Symantec unveils Browser Defender in its 2008 consumer security software

Symantec has launched new editions of its consumer Norton AntiVirus and Norton Internet Security (NIS) software, adding new browser defences for some users in both packages and wrapping features from its new identity initiative into the suite.

The 2008 versions boast several new features and enhancements, including something that Symantec is calling Browser Defender, which is behavioural-based technology that inspects all ActiveX, JavaScript and VBScript code executing within Microsoft's Internet Explorer browser.

"It provides zero-day protection in the browser," said Ed Kim, the director of product management for Symantec's consumer products group, "but not just IE. It protects against attacks on any third-party application run within the browser, like QuickTime or Adobe [Reader]. Anything that has an ActiveX component."

Browser Defender, which is integrated within both Norton AntiVirus 2008 and Norton Internet Security (NIS) 2008, is also able to see through attack code obfuscation techniques, claimed Kim. "Other security [applications] rely on a few simple de-obfuscation routines or look at the script itself. But we will wait until the threat uncloaks, then look at the [API] call before that call is made."

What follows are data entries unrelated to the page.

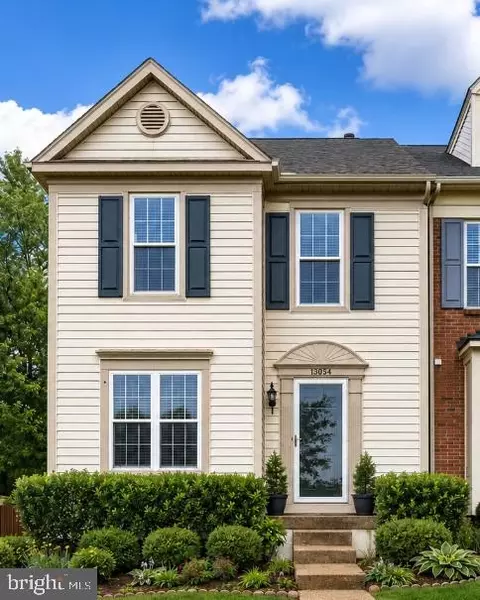 13054 Hunterbrook Dr, Woodbridge, VA 22192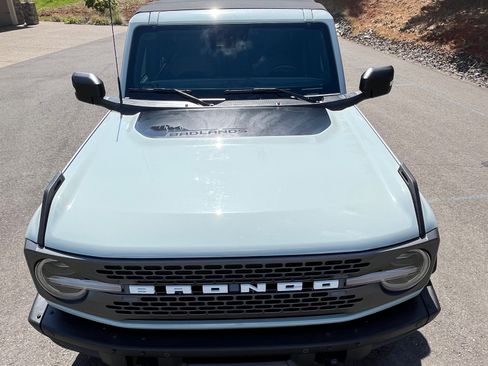 Used 2021 Ford Bronco Badlands image 4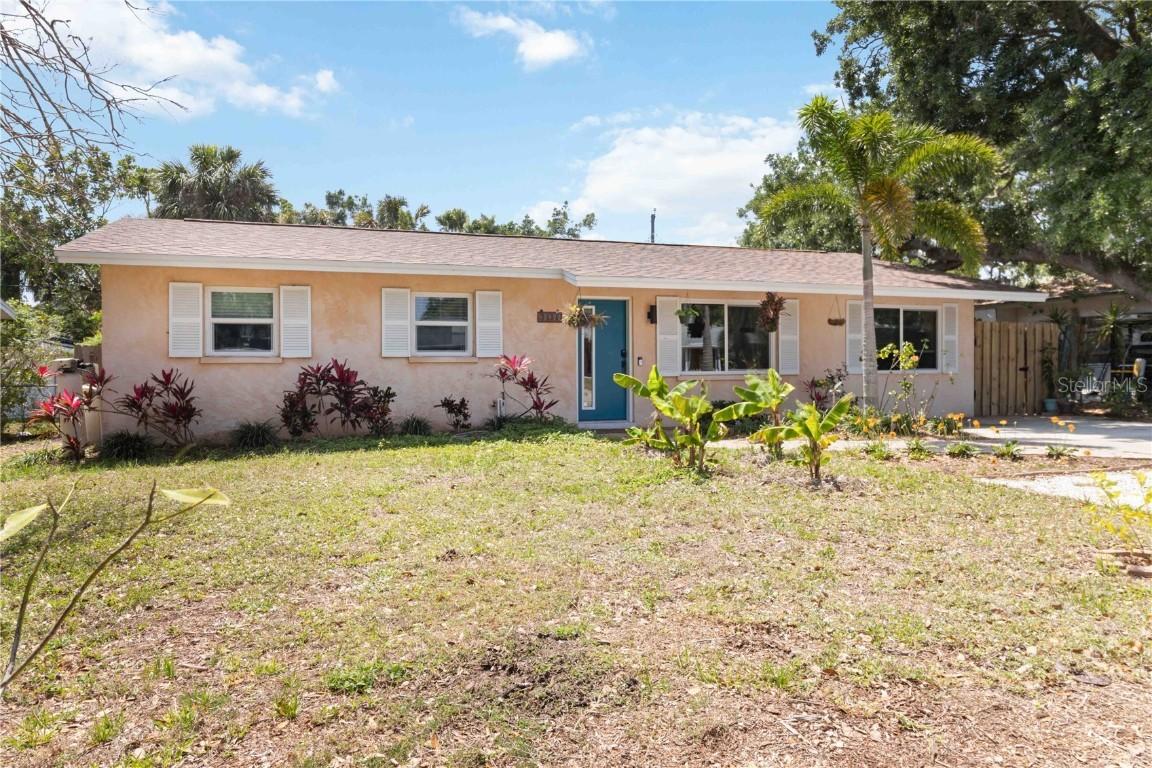 2922 Williamsburg St., Sarasota, FL 34231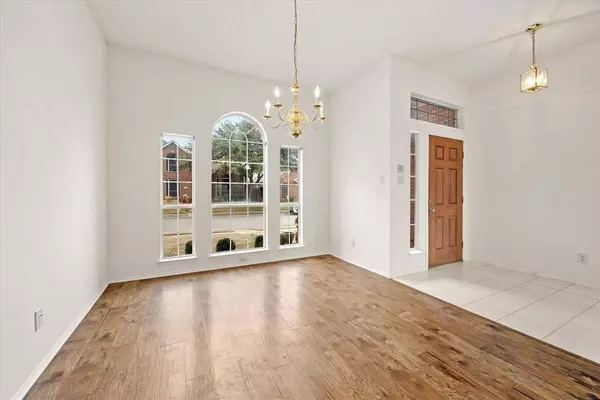 1517 Willowross Drive, Lewisville, TX 75077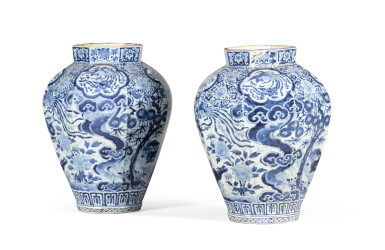 View full screen - View 1 of Lot 103. A pair of large Arita blue and white octagonal vases Japan, Edo period, late 17th-early 18th century | 日本 有田町 江戶時代 十七世紀末至十八世紀初 青花鳳棲梧桐紋八方直頸大罐一對.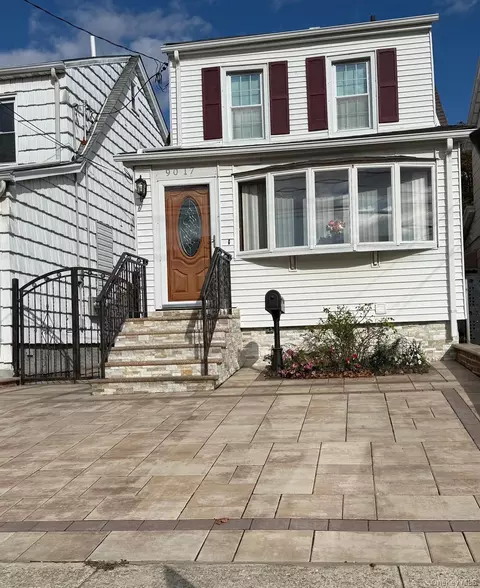 90-17 207th St, New York, NY 11428
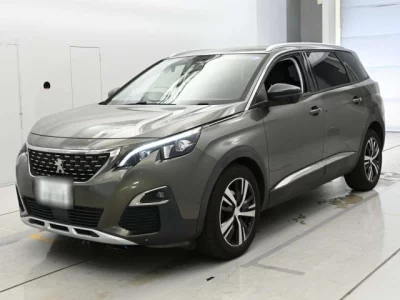 Peugeot 5008  с аукциона в Японии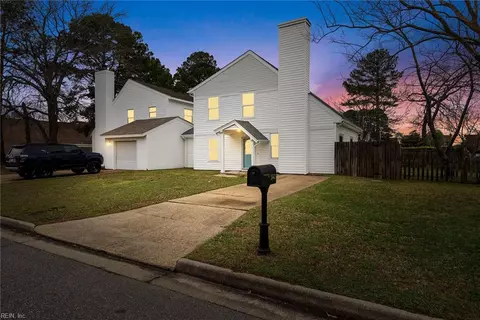 5740 Simon St, Virginia Beach, VA 23464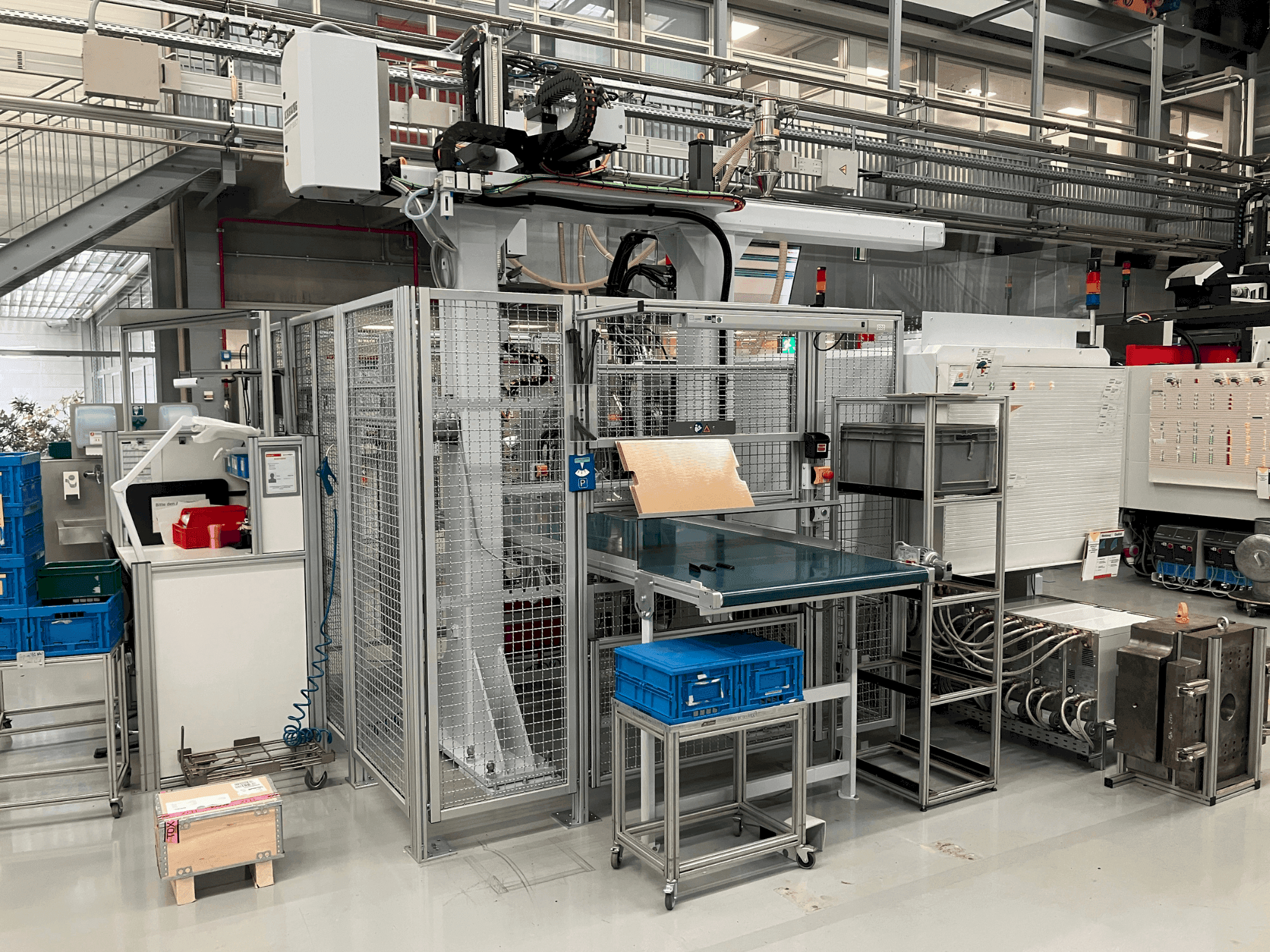 A Arburg Allrounder 520 S 1600-400/170  gép elölnézete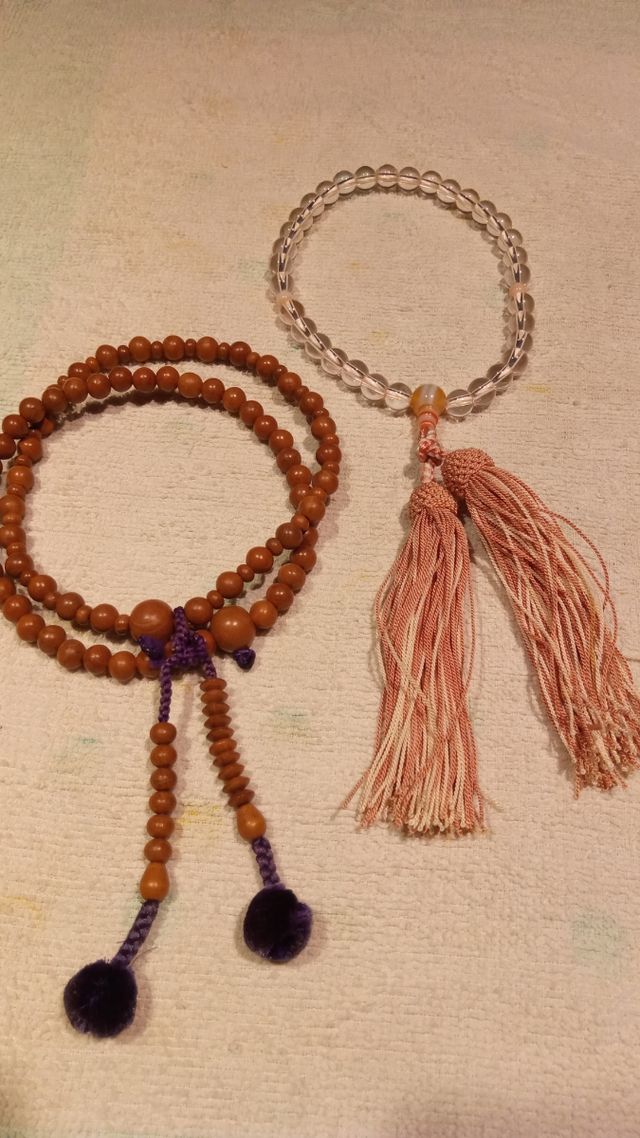 Bracciali in vetro o legno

Out of the gate, Browser Defender only protects users running Internet Explorer. Firefox users will have to wait. "We went with IE, given that it's the most prevalent browser," Kim said. Firefox support is in what Kim dubbed "the planning stage," with no timetable yet set.

Other new features in NIS include Norton Identity Safe, the new name of the tool that Symantec has called Norton Identity Client since its January debut at the Demo 07 conference. Part of the company's long-range plan to move into identity protection, the addition to NIS is a first-generation effort to offer a tool that lets users control what information is transmitted to websites and fills in forms and password fields automatically.